--- START ---

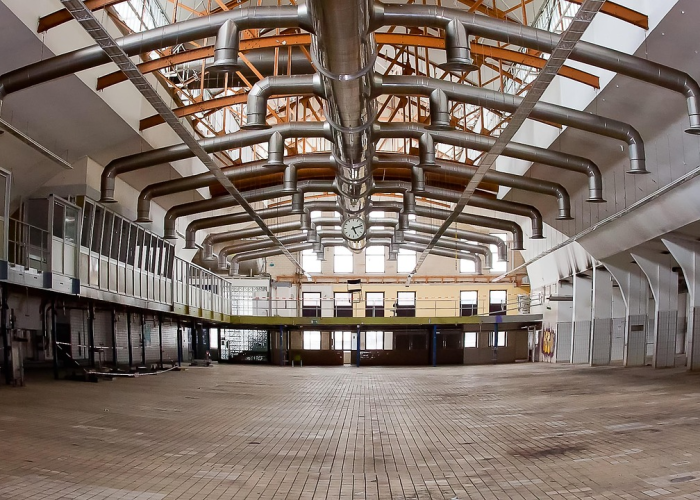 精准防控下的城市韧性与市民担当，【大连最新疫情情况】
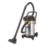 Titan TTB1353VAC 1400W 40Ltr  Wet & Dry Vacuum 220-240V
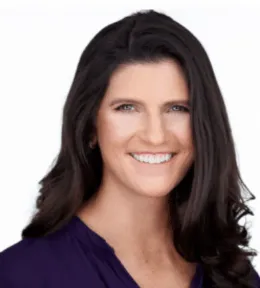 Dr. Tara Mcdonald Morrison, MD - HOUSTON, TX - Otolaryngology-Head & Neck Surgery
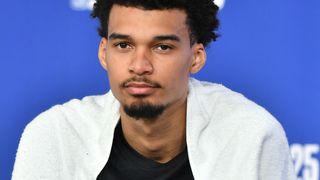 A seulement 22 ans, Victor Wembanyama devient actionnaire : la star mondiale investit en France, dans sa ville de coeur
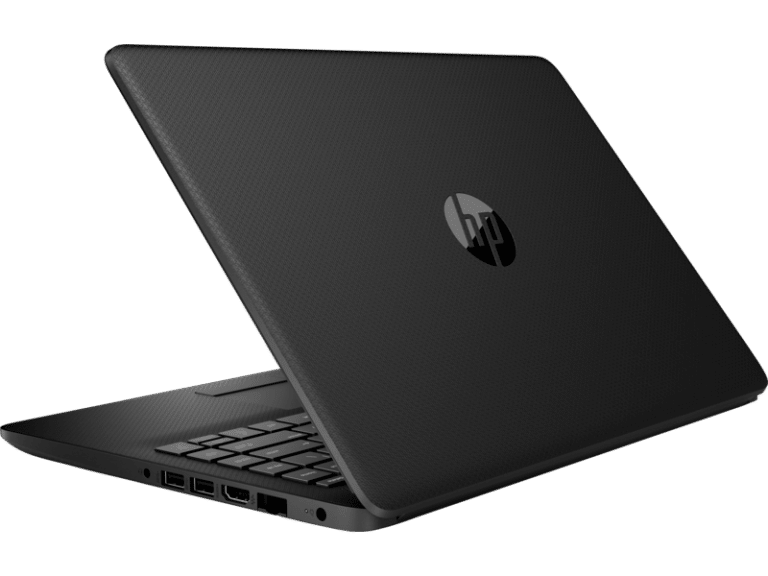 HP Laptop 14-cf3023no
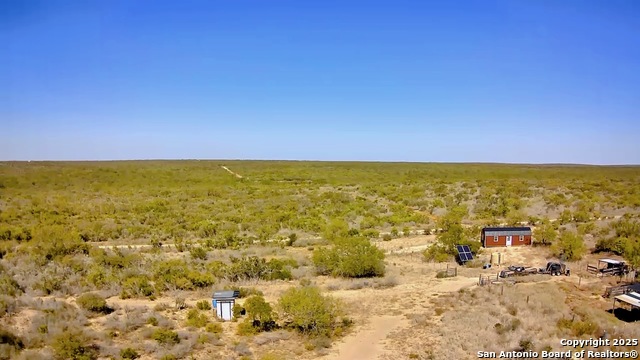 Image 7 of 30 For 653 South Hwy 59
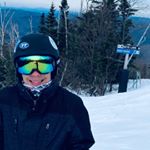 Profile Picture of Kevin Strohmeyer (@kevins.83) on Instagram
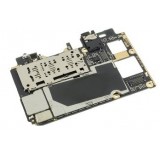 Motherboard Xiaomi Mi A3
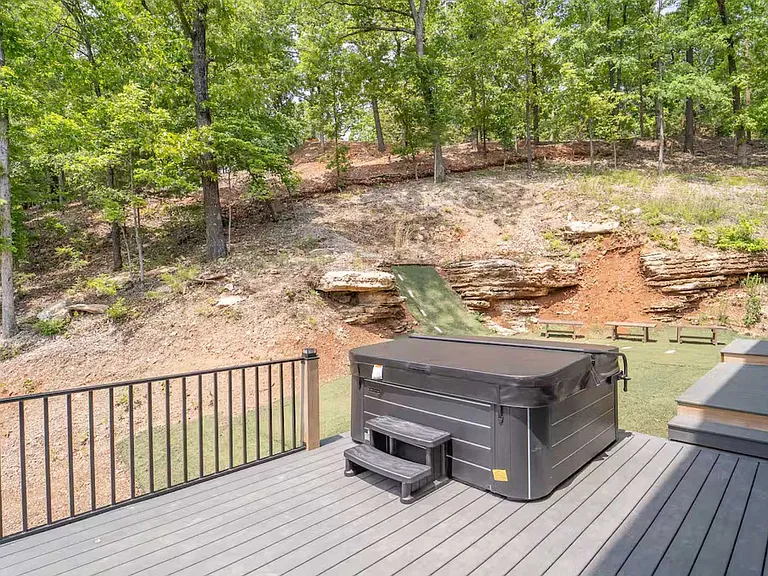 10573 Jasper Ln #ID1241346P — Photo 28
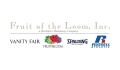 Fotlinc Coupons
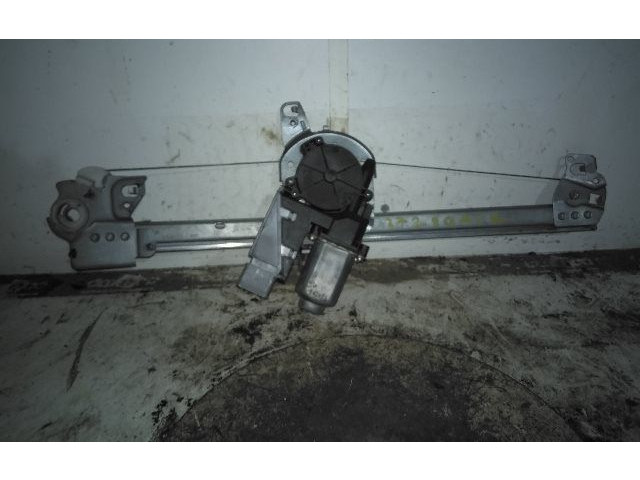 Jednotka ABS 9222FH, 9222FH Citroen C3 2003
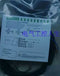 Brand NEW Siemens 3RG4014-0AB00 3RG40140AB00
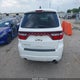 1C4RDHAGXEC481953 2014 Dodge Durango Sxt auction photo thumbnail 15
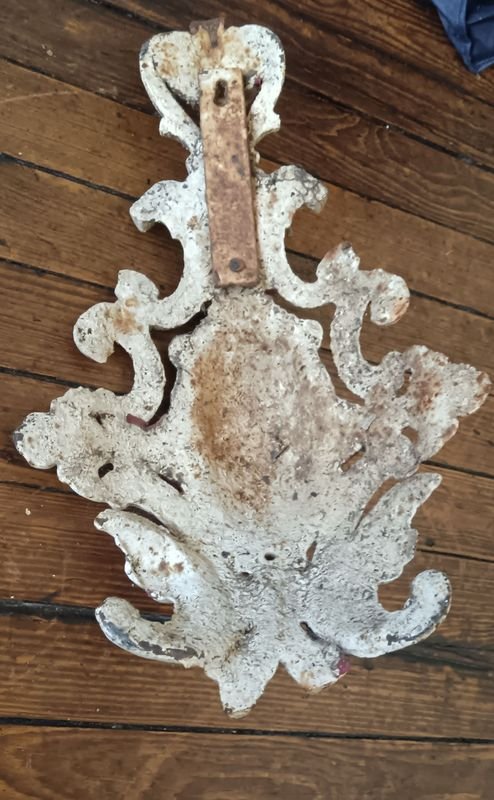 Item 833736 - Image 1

--- END ---

Leave out any pictures and return exactly the lines from the beginning of the data through the line with "A seulement 22", inclusive.

 精准防控下的城市韧性与市民担当，【大连最新疫情情况】
 Titan TTB1353VAC 1400W 40Ltr  Wet & Dry Vacuum 220-240V
 Dr. Tara Mcdonald Morrison, MD - HOUSTON, TX - Otolaryngology-Head & Neck Surgery
 A seulement 22 ans, Victor Wembanyama devient actionnaire : la star mondiale investit en France, dans sa ville de coeur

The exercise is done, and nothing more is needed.